La enfermería de Atención Primaria juega un importante papel en la detección y seguimiento de los pacientes con incontinencia urinaria. La clave está en ser proactivos en las consultas para que el problema pueda aflorar y se haga evidente.

La enfermera debe preguntar a los pacientes por la incontinencia, al igual que lo hace con otros temas de interés relacionados con la salud, como son la alimentación o la actividad física. Sin embargo, como los afectados suelen ocultarlo, se recomienda que lo hagan indirectamente para lograr que el paciente se abra y explique su situación.

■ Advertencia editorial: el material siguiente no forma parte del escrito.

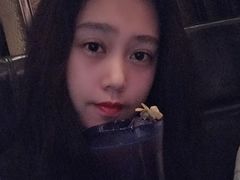 -广州四季酒店·天吧·高空酒吧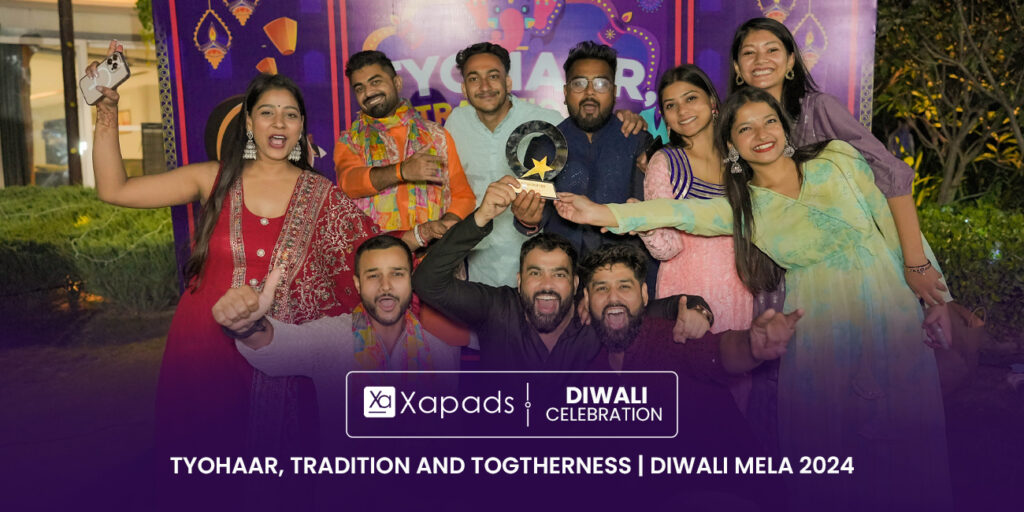 Diwali-celebration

La relación de cercanía de las y los enfermeros con los pacientes, permite detectar más fácilmente los signos de alerta que hacen sospechar la existencia de un problema de incontinencia.

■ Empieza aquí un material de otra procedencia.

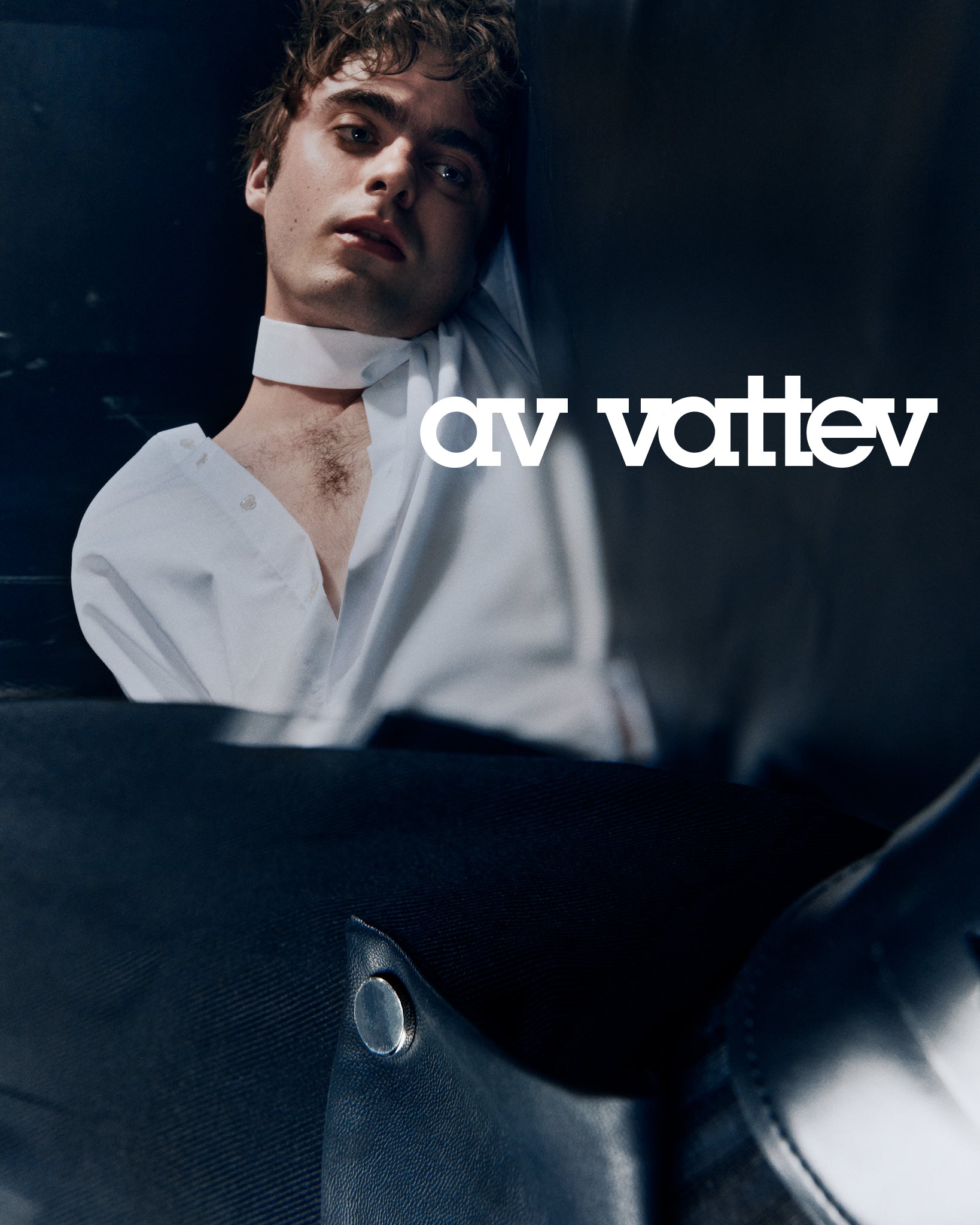 av vattev | Official Website and Online Boutique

Además de Atención Primaria, el colectivo de enfermería también es clave en el ámbito hospitalario, principalmente en las tareas de seguimiento y manejo de los pacientes que son incontinentes por distintos motivos.La incontinencia supone un gran sufrimiento para quien la padece, pero siempre se puede hacer algo para solucionar el problema o mejorar la calidad de vida.

Prevención y situaciones de riesgo

La prevención es otro aspecto a tener en cuenta para poder abordar correctamente la incontinencia urinaria y fecal. En muchos casos, desde enfermería se pueden prever situaciones de riesgo en las que el paciente podría desarrollar una incontinencia asociada a otras patologías. Adelantarse y poder informar a estos pacientes será fundamental para saber a qué se enfrentan y cómo hay que actuar.

Gracias a la gran labor de prevención que se realiza desde enfermería, el sistema sanitario es más eficiente. Algunas de las formas en que la enfermería contribuye en este aspecto son:

  • Evaluación integral: Las enfermeras suelen llevar a cabo evaluaciones completas de los pacientes, lo que les permite detectar signos y síntomas de incontinencia. Pueden realizar preguntas específicas sobre los patrones urinarios y fecales, así como indagar sobre otros factores de riesgo.
  • Sensibilidad y empatía: La incontinencia es un tema delicado para muchos pacientes, y algunos pueden sentir vergüenza o temor a hablar sobre ello. Las enfermeras están capacitadas para abordar estos temas con sensibilidad y empatía, lo que facilita que los pacientes se sientan cómodos al compartir sus preocupaciones y síntomas.
  • Educación y concienciación: Las enfermeras pueden desempeñar un papel crucial al educar a los pacientes sobre la incontinencia y la importancia de buscar ayuda médica. Al proporcionar información sobre tratamientos y estrategias de manejo, pueden empoderar a los pacientes para que tomen decisiones informadas sobre su salud.
  • Remisión adecuada: Si una enfermera sospecha que un paciente puede tener un problema de incontinencia, puede derivarlo a un especialista en urología o gastroenterología para una evaluación más detallada y un diagnóstico preciso. Esto es esencial para garantizar que los pacientes reciban el tratamiento adecuado.
  • Planes de cuidados personalizados: Una vez que se ha detectado la incontinencia, las enfermeras pueden colaborar con otros profesionales de la salud para desarrollar planes de cuidados personalizados para cada paciente. Estos planes pueden incluir terapias de modificación del comportamiento, ejercicios del suelo pélvico, cambios en la dieta o el uso de dispositivos médicos para ayudar en el manejo de la incontinencia.

Por último, no hay que olvidar la capacidad y autonomía que tienen los profesionales de la enfermería para prescribir fármacos y productos sanitarios, como absorbentes, compresas, o sondas, entre otros, que ayudarán a mejorar la calidad de vida de las personas afectadas y aliviarles el sufrimiento.

Bibliografía

1- Las enfermeras, pieza clave en el manejo de la incontinencia urinaria y fecal. ConSalud.es. Junio 2023.

2- González Arias. Las enfermeras son clave para detectar la incontinencia, un problema infradiagnosticado. Junio 2023.

3- Las enfermeras son clave para detectar la incontinencia, un problema infradiagnosticado. Consejo General de Colegios de Enfermería en España. Nota de Prensa. Junio 2023.